When the sheet material 13 is disposed along the circumference of
the disk of the free roller support unit 16 at 120 degrees (1/3 of
the entire circumference), a maximum of five free rollers 15 are in
constant contact with the sheet material 13, and the impregnation
properties are improved. In a case of using the pressing roller at
the same time, when the sheet material 13 is disposed along the
circumference of the disk of the free roller support unit at 90
degrees (1/4 of the entire circumference), a maximum of four free
rollers are in constant contact with the sheet material 13, and the
impregnation properties are improved.
[0051] As a method of adjusting the distances D1 to D3 between the
first free roller 151 to the third free roller 153 and the conveyor
belt 3, there is a method of adjusting the relative position
between the pressing roller 17 and the conveyor belt 3 or a method
of adjusting the position of a pedestal 18 by using the pedestal
that supports the conveyor belt 3 from below.
[0052] A method of adjusting the relative positions of the pressing
roller 17 and the conveyor belt 3 will be described. When the
position of the pressing roller 17 is lowered in FIG. 3, the
relative position of the pressing roller 17 with respect to the
conveyor belt 3 can be lowered, the number of free rollers 15 which
is in contact with the conveyor belt 3 can be increased, or the
distance between the free roller 15 and the conveyor belt 3 can be
reduced. In order to lower the position of the pressing roller 17,
a distance adjusting unit (not illustrated) for adjusting the
height of the pressing roller 17 itself may be used.

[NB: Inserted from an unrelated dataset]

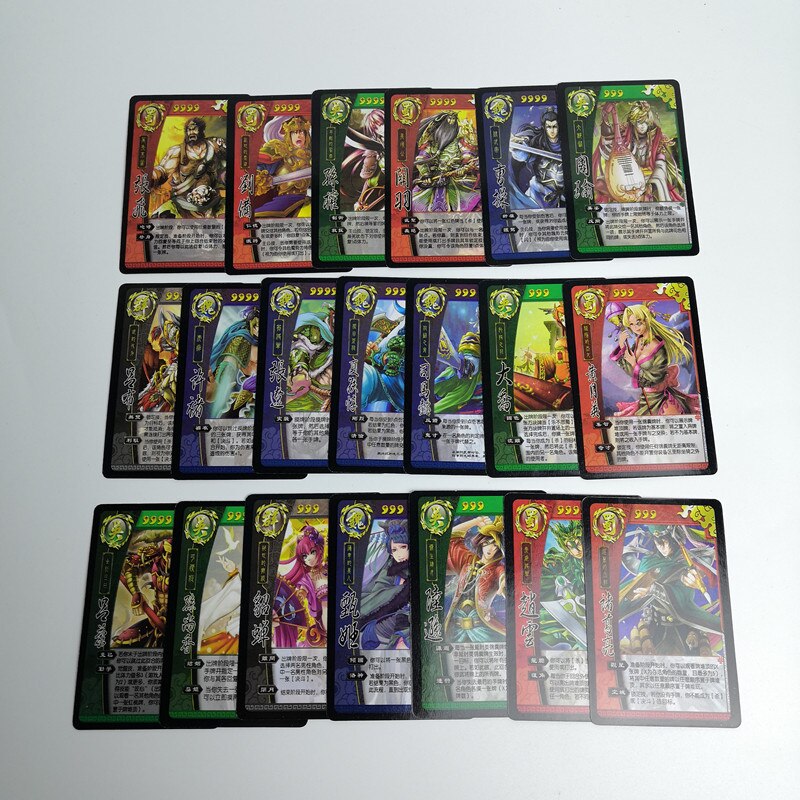 【happy one】Board Game Three s Dragon Teng Kill Card Standard 7-Person Game Military Commander 108 Cards.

[0053] As the distance adjusting unit for adjusting the height of
the pressing roller 17 itself, for example, a pressing roller
support unit that pivotally supports the rotating shaft (the
revolving shaft of the free roller 15) of the pressing roller 17
from both sides; the driving unit such as a linear actuator of
which the position of the pressing roller support unit in the
height direction can be changed; and a frame provided with the
pressing roller support unit and the linear actuator may be
provided. The frame may be installed on a rail, for example, and
may be configured to be movable along the conveying direction (or
the moving direction of the conveyor belt) of the sheet
material.
[0054] Even when the position of the conveyor belt 3 is raised, the
relative position of the pressing roller 17 with respect to the
conveyor belt 3 is lowered. In order to raise the position of the
conveyor belt 3, the distance adjusting unit (not illustrated) for
adjusting the height of the guide rollers 32 disposed on the
upstream side in the conveying direction and the downstream side in
the conveying direction of the pressing roller 17 may be used. As
the distance adjusting unit for adjusting the height of the guide
roller 32, an upstream side guide roller 321 and a downstream side
guide roller 322 are provided so as to sandwich the sheet material
pressing device 14 in the conveying direction of the sheet
material, and the upstream side guide roller 321 and the downstream
side guide roller 322 may be configured to be movable up and down,
respectively.
[0055] For example, the conveyor belt 3 on the downstream side is
supported downward by the downstream side guide roller 322 or the
like such that the position of the conveyor belt 3 on the
downstream side in the conveying direction is higher than the
position of the conveyor belt 3 on the upstream side. Accordingly,
the distances D2 and D3 between the second free roller 152 and the
third free roller 153 on the downstream side in the conveying
direction and the conveyor belt 3 can be set to be smaller than the
distance D1 between the first free roller 151 on the upstream side
in the conveying direction and the conveyor belt 3. The distance D3
between the third free roller 153 and the conveyor belt 3 on the
downstream side in the conveying direction can be set to be smaller
than the distance D2 between the second free roller 152 on the
upstream side in the conveying direction and the conveyor belt 3.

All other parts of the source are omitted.